Tag Archives: andy rooney

More photos from Santa Fe

Taking photos in Santa Fe is like cheating.  You just point the camera out the back door and voila!

{Image: two bare trees, very slender with white bark against a very deep blue sky.}

Disc Golf Henge:

{Image:  snowy field with four small (approximately one-foot-tall) rock formations each in the shape of an inverted "U"}

Fence.

{Image:  fence made of vertical pieces of natural wood of varying heights.  In the bottom half of the photo, the wood slats are backed by a solid piece of wood.  In the top half of the photo, there is nothing behind the vertical slats, and the sun peeks through between two of the slats.}

Fence, HDR.

{Image: fence made of vertical pieces of natural wood of varying heights. In the bottom half of the photo, the wood slats are backed by a solid piece of wood.

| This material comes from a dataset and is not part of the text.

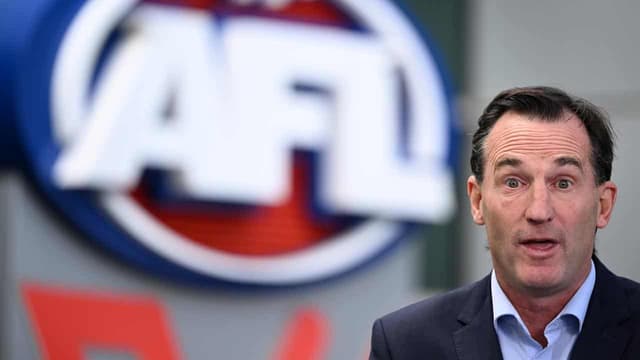 AFL boss wants industry buy-in for fight against racism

In the top half of the photo, there is nothing behind the vertical slats, and the sun peeks through between two of the slats.}

Barbed wire, HDR:

{Image:  close up of a photo of a single barb in a strand of barbed wire.  In the background, and out of focus, is the side of an adobe building.}

I couple of friends we met on our walk.

{Image:  A goat peers around the corner of a wood and wire fence.  To his left are three chickens, two black and one white.}

Window.  Almost anything looks good in adobe.  Ask Santa Fe!  I think it’s in the building code!

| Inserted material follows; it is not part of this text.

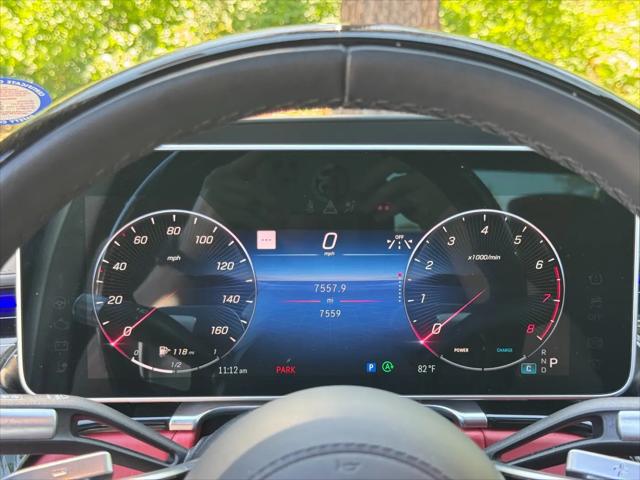 2023 Mercedes-Benz S 580 4MATIC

{Image:  a window in an adobe wall.  The window reflects a very blue sky.  Tree branches enter the photo from the right.}

Water spout:

{Image:  a flat water spout protrudes from an adobe wall with several feet of frozen water suspended off the end.}

The same water spout, an hour later:

{Image:  a flat water spout protrudes from an adobe wall with several feet of frozen water suspended off the end.  The adobe is much darker than the previous photo because of the setting sun.}}

Hubble the Golden Retriever discovers that Rodney has a snack.

{Image:  in the left side of the photo, a man sits at a table working at a laptop computer.   To his right, a golden retriever stares intently at him.  The corner of another laptop shows in the foreground; kitchen appliances are in the background.  The table  has a candle, a water bottle, a card and envelope, a french press with tea and a mug,}

And it wouldn’t be my blog unless I took the opportunity to go just a bit Andy Rooney on your ass.   My rental car was a Prius.  Even after I learned the sequence of button pushing and gear shifting that was necessary to make it go, and adjusted to the fact that it sounded, at every light, like the car had died and I’d need to call a tow truck, there were two more very disconcerting things.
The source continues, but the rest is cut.